Machine Learning and AI has continued to be a growing and expanding field of interest and work for several years. It has continued to gain a lot of attention and has seen an influx of many undergraduates / working professionals to join and explore. So, if you are a beginner and need help with Decision Trees and their family of Ensemble methods, this story is for you.
多年来,机器学习和AI一直是一个不断增长和扩展的兴趣和工作领域。 它继续引起了很多关注,并且吸引了许多大学生/在职专业人员的加入和探索。 因此,如果您是初学者,并且需要决策树及其Ensemble方法系列的帮助,那么本故事适合您。
介绍 : (Introduction :)
The aim is to correctly classify the types of Glass, based on the number of elements (like Ca, Mg, etc.) they contain and their Refractive Index.
目的是根据玻璃中所含元素的数量(例如Ca,Mg等)及其折射率正确分类玻璃。
As you can see above, we have 214 rows and 10 columns. The first nine columns are the Features / Independent Variable. And the last column ‘Type’ is our target variable and describe what is the kind (class) of the glass
如您在上面看到的,我们有214行和10列。 前九列是功能/自变量。 最后一列“类型”是我们的目标变量 ,它描述了什么是玻璃的种类( 类 )
Count-plot for the Number of Examples of each Class 每个类的示例数的计数图We have six classes in our Data-set. Also, it can be seen that there is a high class-imbalance, i.e. the number of examples we have isn’t the same. This could lead to some loss in accuracy for our model, as our model might be biased towards one class.
我们的数据集中有六个类。 此外,可以看出存在很高的类不平衡 ,即我们拥有的示例数不相同。 这可能会导致我们模型的准确性有所下降,因为我们的模型可能偏向一个类别。
In cases where we have more than two classes, it is better to use a Classifier that has a non-linear decision boundary so that we can have more accurate predictions. Some examples of Non-Linear Classification Algorithms are Kernelised — Support Vector Machines, Decision Trees, and even a Logistic Regression model with Polynomial Features.
如果我们有两个以上的类,则最好使用具有非线性决策边界的分类器,以便我们可以进行更准确的预测。 非线性分类算法的一些示例已内核化-支持向量机,决策树,甚至是具有多项式特征的Logistic回归模型。
After some data-preprocessing and train-test split, we will be creating our Models. We will be using the same training and test set for each of the models.
经过一些数据预处理和火车测试拆分后,我们将创建模型。 我们将对每个模型使用相同的训练和测试集。
第一部分:决策树 (Part I: Decision Trees)
Decision Trees, as mentioned in the CS-229 class is a greedy, top-down, and recursive partitioning algorithm. Its advantages are — Non-linearity, support for Categorical Variables, and high interpretability.

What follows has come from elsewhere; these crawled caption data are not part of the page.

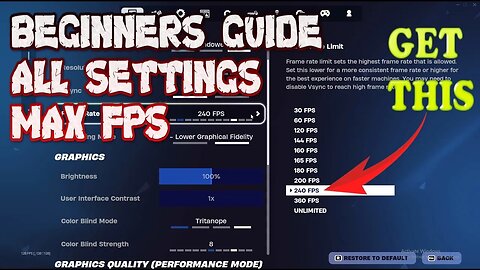 Boost Your Fortnite Performance: Max Fps And Low Ping Guide For Beginners In Chapter 5 Season 2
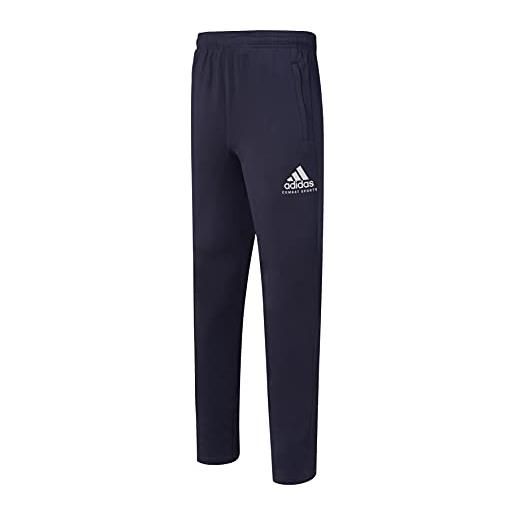 Adidas tuta da allenamento combat sports, giacca unisex-bambini, blue. White, xxl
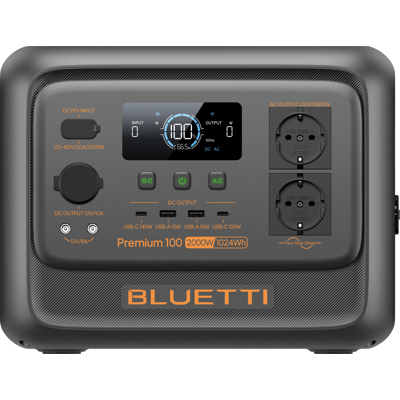 BLUETTI P100V2 - Bluetti Premium 100 V2, Powerstation, 2000 W, 1024 Wh BLUETTI P100V2 - Bluetti Premium 100 V2, Powerstation, 2000 W, 1024 Wh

如CS-229类别中所述,决策树是一种贪婪,自上而下和递归的分区算法。 它的优点是-非线性,支持分类变量和高解释性。
We use sci-kit-learn and create our model. The values of the parameters used were found after a comprehensive grid-search cross-validation.
我们使用sci-kit-learn并创建我们的模型。 经过全面的网格搜索交叉验证后,可以找到所用参数的值。
第二部分:随机森林 (Part II: Random Forest)
Random Forest is an example of Ensemble Learning.
随机森林就是合奏学习的一个例子。
Ensemble Learning as described by the SuperDataScience Team is when you take multiple Machine Learning Algorithms and put them together to create a bigger algorithm in such a way that the algorithm created is using & leveraging from the ones used to create it. In the case of Random Forest many Decision Trees are used.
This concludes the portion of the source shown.